- [EXERCISE AIM]: Of the entries below, return only those lines from the line with "formazione scolastica gioco" to the line with "Miniatyrbillede 2 af", exactly, both included.

** AVAILABLE DATA follows **

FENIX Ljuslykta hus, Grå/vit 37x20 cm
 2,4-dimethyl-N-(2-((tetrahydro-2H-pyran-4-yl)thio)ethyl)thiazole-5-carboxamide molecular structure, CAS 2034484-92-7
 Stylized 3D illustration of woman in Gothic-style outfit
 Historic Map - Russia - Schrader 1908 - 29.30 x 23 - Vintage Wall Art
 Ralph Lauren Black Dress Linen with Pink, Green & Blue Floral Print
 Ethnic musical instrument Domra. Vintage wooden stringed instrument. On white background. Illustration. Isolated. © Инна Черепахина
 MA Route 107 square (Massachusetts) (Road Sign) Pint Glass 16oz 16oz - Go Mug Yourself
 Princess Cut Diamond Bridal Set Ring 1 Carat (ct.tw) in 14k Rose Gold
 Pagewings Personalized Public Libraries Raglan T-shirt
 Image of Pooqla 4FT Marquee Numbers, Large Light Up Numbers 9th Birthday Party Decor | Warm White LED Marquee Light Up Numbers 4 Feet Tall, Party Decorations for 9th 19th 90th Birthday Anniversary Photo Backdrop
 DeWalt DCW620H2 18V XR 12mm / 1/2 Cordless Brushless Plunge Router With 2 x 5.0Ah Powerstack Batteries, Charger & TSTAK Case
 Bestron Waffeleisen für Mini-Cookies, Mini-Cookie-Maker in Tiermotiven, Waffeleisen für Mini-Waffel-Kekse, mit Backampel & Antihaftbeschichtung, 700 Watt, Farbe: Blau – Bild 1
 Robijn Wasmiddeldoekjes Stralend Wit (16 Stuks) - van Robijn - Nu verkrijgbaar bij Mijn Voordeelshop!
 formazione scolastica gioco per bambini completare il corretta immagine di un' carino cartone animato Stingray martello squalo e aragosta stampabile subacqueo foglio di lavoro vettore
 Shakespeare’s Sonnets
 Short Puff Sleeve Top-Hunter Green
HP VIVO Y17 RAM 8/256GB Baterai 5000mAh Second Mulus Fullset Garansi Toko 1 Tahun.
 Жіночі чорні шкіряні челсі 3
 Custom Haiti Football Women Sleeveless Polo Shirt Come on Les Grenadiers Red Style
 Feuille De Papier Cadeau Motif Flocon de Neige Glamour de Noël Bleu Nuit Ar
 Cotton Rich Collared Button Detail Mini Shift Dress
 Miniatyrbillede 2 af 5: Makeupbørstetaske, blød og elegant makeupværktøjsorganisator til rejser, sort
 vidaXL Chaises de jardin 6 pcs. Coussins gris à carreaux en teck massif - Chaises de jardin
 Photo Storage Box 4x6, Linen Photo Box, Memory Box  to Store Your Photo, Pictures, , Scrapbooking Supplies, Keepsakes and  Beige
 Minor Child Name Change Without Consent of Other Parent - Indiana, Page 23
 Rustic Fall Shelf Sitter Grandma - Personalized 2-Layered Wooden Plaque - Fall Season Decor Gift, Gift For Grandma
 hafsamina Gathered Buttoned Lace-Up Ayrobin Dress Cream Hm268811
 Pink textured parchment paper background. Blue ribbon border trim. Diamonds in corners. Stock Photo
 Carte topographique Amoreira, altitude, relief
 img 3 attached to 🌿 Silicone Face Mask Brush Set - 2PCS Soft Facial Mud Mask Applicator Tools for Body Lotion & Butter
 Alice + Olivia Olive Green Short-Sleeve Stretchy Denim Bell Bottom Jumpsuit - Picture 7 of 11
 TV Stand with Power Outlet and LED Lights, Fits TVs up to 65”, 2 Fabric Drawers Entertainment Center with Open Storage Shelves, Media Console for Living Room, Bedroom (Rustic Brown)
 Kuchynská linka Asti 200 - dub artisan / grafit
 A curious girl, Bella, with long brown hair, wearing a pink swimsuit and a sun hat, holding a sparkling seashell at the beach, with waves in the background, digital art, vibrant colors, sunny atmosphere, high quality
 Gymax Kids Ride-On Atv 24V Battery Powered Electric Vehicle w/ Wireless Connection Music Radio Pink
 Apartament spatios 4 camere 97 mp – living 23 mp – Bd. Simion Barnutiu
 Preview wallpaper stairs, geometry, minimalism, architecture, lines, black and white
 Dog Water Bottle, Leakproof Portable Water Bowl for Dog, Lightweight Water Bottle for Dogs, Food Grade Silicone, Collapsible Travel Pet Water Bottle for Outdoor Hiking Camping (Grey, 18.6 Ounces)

** End of AVAILABLE DATA **

- [ANSWER BOX]:
 formazione scolastica gioco per bambini completare il corretta immagine di un' carino cartone animato Stingray martello squalo e aragosta stampabile subacqueo foglio di lavoro vettore
 Shakespeare’s Sonnets
 Short Puff Sleeve Top-Hunter Green
HP VIVO Y17 RAM 8/256GB Baterai 5000mAh Second Mulus Fullset Garansi Toko 1 Tahun.
 Жіночі чорні шкіряні челсі 3
 Custom Haiti Football Women Sleeveless Polo Shirt Come on Les Grenadiers Red Style
 Feuille De Papier Cadeau Motif Flocon de Neige Glamour de Noël Bleu Nuit Ar
 Cotton Rich Collared Button Detail Mini Shift Dress
 Miniatyrbillede 2 af 5: Makeupbørstetaske, blød og elegant makeupværktøjsorganisator til rejser, sort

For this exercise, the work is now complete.